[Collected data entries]
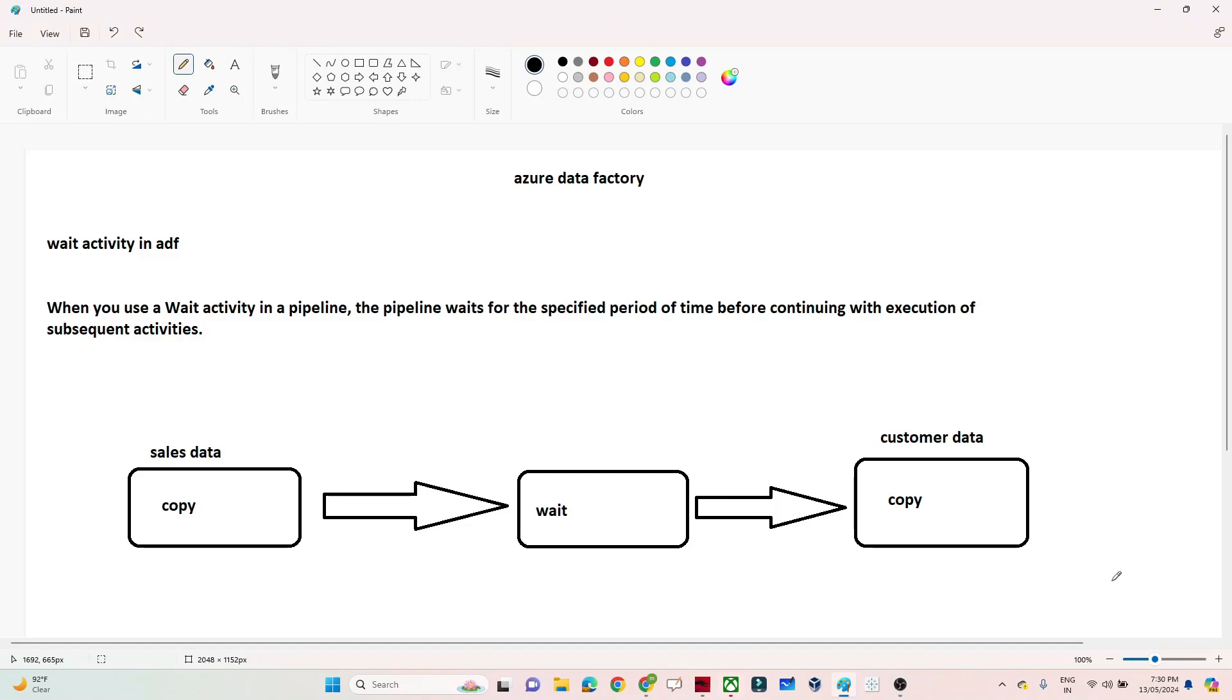Hello everyone, in this video we're going to discuss the Wait activity in Azure Data Factory. Let's first understand when we actually use a Wait activity.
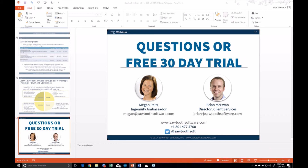That's all we have time for today. Thank you everybody for joining us. We hope you enjoyed the two-part series. If you have any follow-up questions, please reach out to Brian or myself, and check out the free 30-day trial if you don't already have Lighthouse Studio.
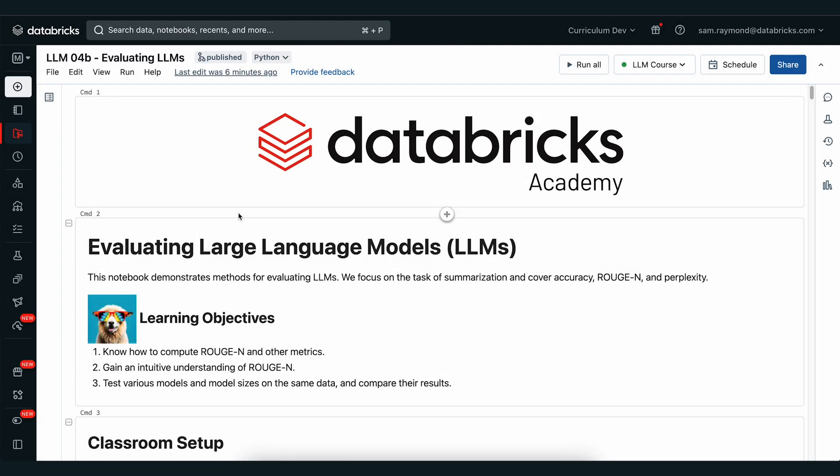Welcome to the second notebook in this module. In this notebook, we're going to look at how we can evaluate the performance of our large language model under a specific task. In this case, we're going to look at the summarization task. We'll use the rouge metric that we talked about in the lectures, and you'll see how you can build up a workflow to take all of your articles and perform rouge analysis using your large language model.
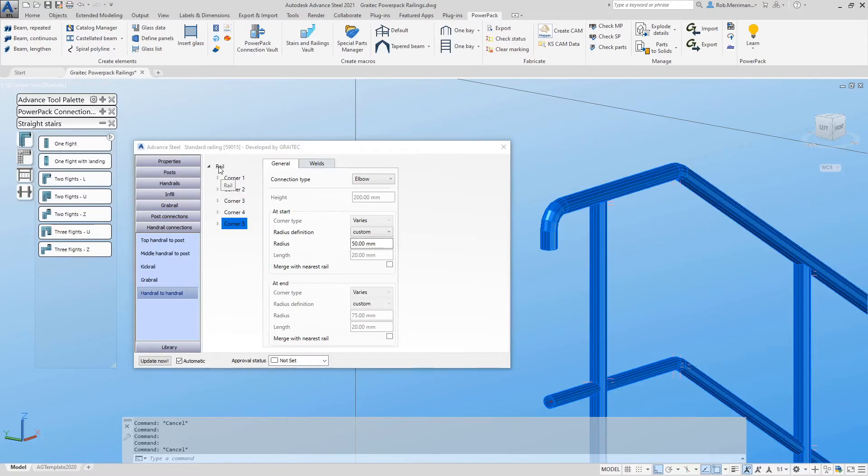Or if you want to apply the same options to every corner, simply click the top of the tree and then we have the option to merge the start and the end of each elbow.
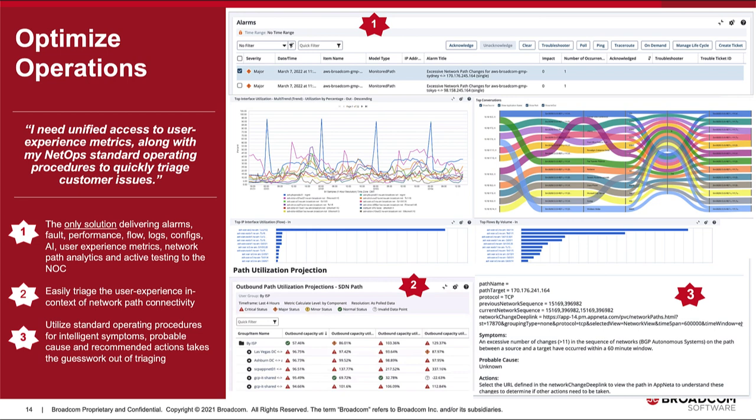This is what unified visibility of the entire network stack along with user experience network delivery metrics looks like. Collecting as much information as possible is important, but displaying and focusing on the right information for network operations teams is more important — not chasing network blips or high utilization on a device that isn't passing important user experiences.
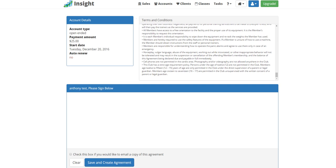And you could have the customer sign with an iPad, a phone, or the mouse on the computer, or any type of capture device. So let's go ahead and sign that.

■ WORK INSTRUCTIONS ■
Once the line with "Welcome to the" is found in the data above, reproduce it and each line after it exactly, through the line with "Or if you want". Omit the pictures.

■ ANSWER TO THE EXERCISE ■
Welcome to the second notebook in this module. In this notebook, we're going to look at how we can evaluate the performance of our large language model under a specific task. In this case, we're going to look at the summarization task. We'll use the rouge metric that we talked about in the lectures, and you'll see how you can build up a workflow to take all of your articles and perform rouge analysis using your large language model.
Or if you want to apply the same options to every corner, simply click the top of the tree and then we have the option to merge the start and the end of each elbow.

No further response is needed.